= Records to process =
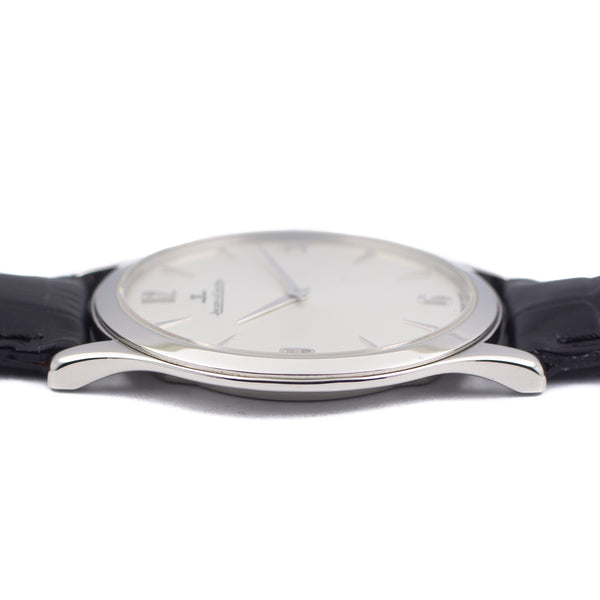 Jaeger- LeCoultre Master Ultra Thin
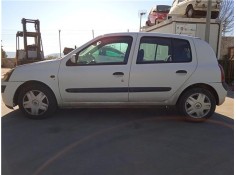 renault clio ii fase ii (b/cb0) del año 2002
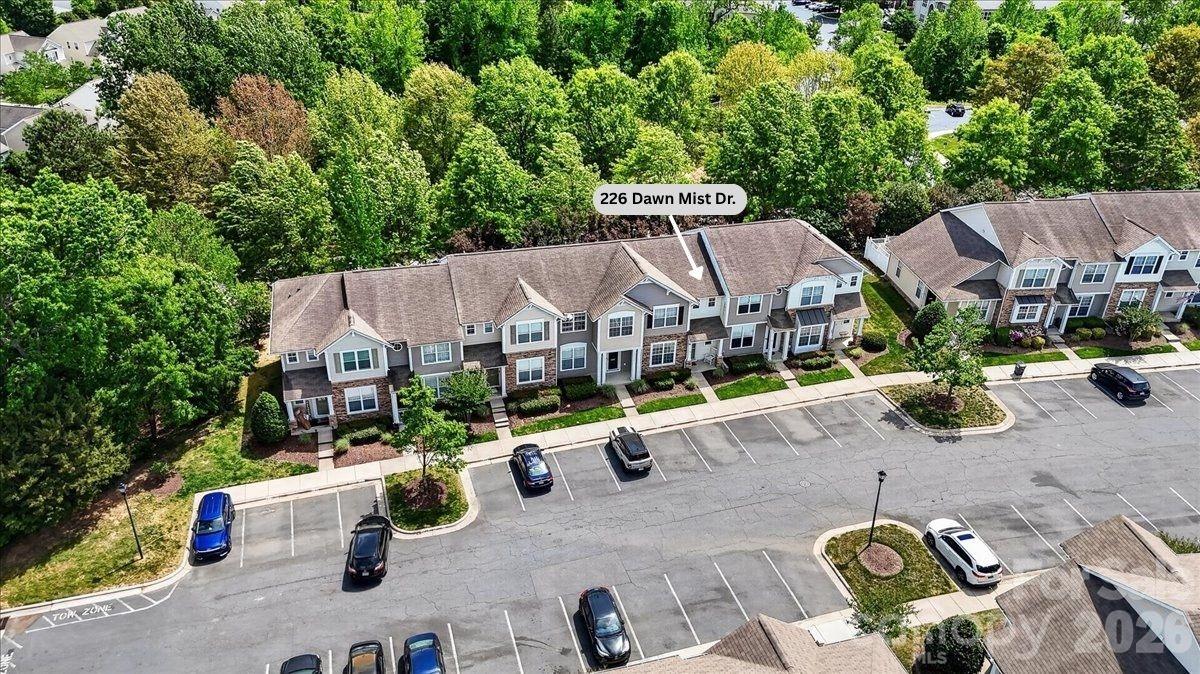 226 Dawn Mist Lane Fort Mill, SC 29708 - Photo 25 of 31 Gallery Image 25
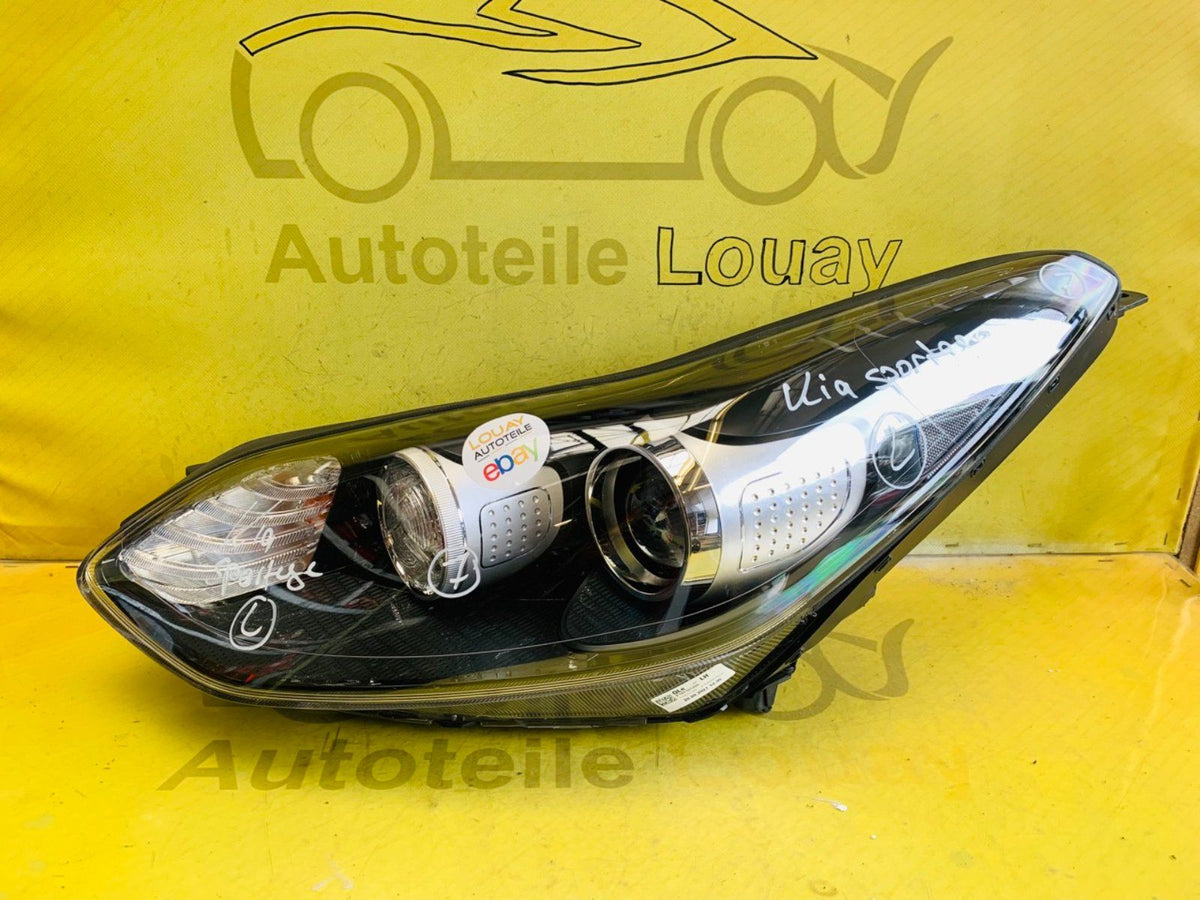 Kia Sportage LED Scheinwerfer vorne Original  92101F1001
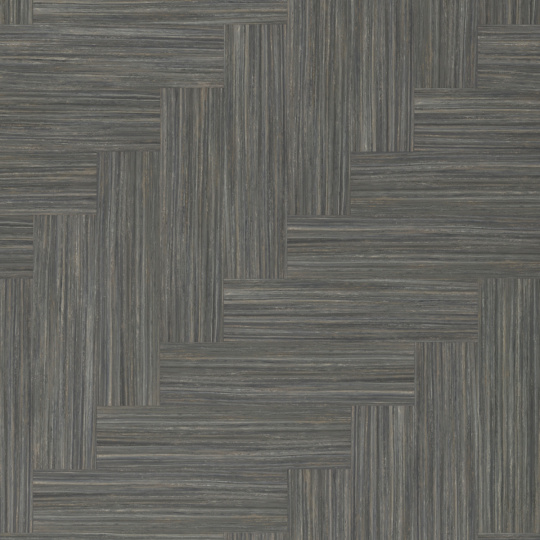 Линолеум модульный Marmoleum MODULAR LINES Black sheep t5237 шириной  м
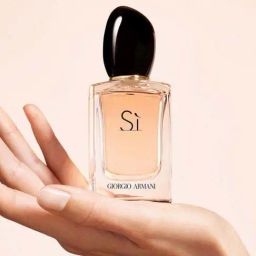 Giorgio Armani Si Eau De Parfum 100 ml image 5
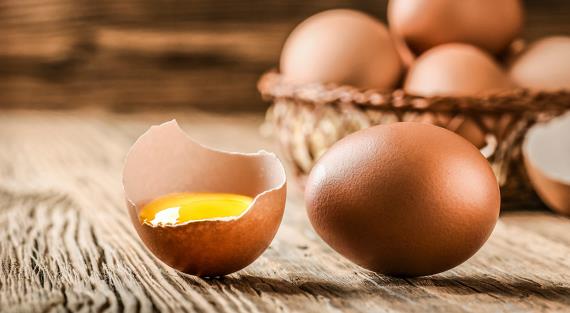 Яйца: чем отличаются по категории, какие яйца лучше покупать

= Exercise brief =
Extract precisely the lines beginning at the line containing "226 Dawn Mist" and ending at the last line of the entries above, exactly as written and with no pictures.

= Solution for this task =
 226 Dawn Mist Lane Fort Mill, SC 29708 - Photo 25 of 31 Gallery Image 25
 Kia Sportage LED Scheinwerfer vorne Original  92101F1001
 Линолеум модульный Marmoleum MODULAR LINES Black sheep t5237 шириной  м
 Giorgio Armani Si Eau De Parfum 100 ml image 5
 Яйца: чем отличаются по категории, какие яйца лучше покупать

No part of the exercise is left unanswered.